Another very rare Studio Ghibli film is finally coming to the states as director Tomomi Mochizuki’s “Ocean Waves” is opening for audiences anxious to visit the lesser known entries in the Ghibli catalogue. “Ocean Waves” is described as one of the very few movies not made by Isao Takahata or Hayao Miyazaki and has rarely ever been seen outside of Japanese television. Adapted from a novel of the same name by Saeko Himuro, “Ocean Waves” is a short (At barely eighty minutes) but very well realized teen drama about two teenage boys hopelessly enamored by a gorgeous young girl named Rikako, who is often given to flights of fancy and adventurousness that allow the two friends Taku and Yutaka a chance to break free from the monotony of their busy school lives.

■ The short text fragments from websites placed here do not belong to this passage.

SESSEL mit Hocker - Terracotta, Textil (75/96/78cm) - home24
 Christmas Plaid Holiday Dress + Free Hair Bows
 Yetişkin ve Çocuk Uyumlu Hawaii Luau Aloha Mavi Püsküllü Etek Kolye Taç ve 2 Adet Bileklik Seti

When the beautiful Rikako transfers in to their school, the boys are shocked by her sudden rise up the ranks in grades, as well as her ability to play sports. She’s an often isolated and uninvolved young girl who begins to get a lot of difficulty by the other girls who view her as a threat, especially since she’s not very concerned with school spirit. Along the way Yutaka and Taku get to know her individually, and she pulls Taku in to her complicated life as he meets her in Tokyo for a complicated weekend where she expresses frustration with a repressive home life and classmates from her old town she suddenly realizes she doesn’t like anymore.
A lot of “Ocean Waves” is based around the school politics and social themes mostly present within the Japanese and Tokyo social structure. In particular, Rikako’s weekend with Taku especially opens her and him up to a lot of very scandalous school rumors, prompting a lot more scrutiny toward Rikako. This complicates matters even further between the trio of teenagers. The movie is first and foremost a tale of teen love, a very complicated love triangle, and unique very flawed characters, all of whom are victim to their conflicted emotions that aren’t so easy to resolve. As a fan of teen dramas and melodrama, I found “Ocean Waves” very entertaining and compelling, and loved how very unique the film played.

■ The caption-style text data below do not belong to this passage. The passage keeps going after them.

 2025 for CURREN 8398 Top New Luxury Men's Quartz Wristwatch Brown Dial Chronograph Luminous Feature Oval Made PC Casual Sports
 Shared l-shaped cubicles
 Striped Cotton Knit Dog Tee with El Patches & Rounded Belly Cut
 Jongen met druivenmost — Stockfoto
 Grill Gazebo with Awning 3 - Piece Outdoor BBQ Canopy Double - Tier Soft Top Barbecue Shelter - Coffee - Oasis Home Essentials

It’s not too many teen dramas that fast forwards years later to continue the characters’ arcs. The colors are particularly very soft with a lot of interesting shades of pinks and blues. “Ocean Waves” is much more simplistic and down to Earth from other Ghibli films. Hardcore fans expecting “Spirited Away” will be better off going in to this interesting teen drama looking for something more in the arena of “Whisper of the Heart.”
Will begin playing at the IFC Center in New York on December 28th, and will play at the Los Angeles Egyptian Theater for one night only, with a new 4K restoration. Look for “Ocean Waves” on home video in the spring of 2017.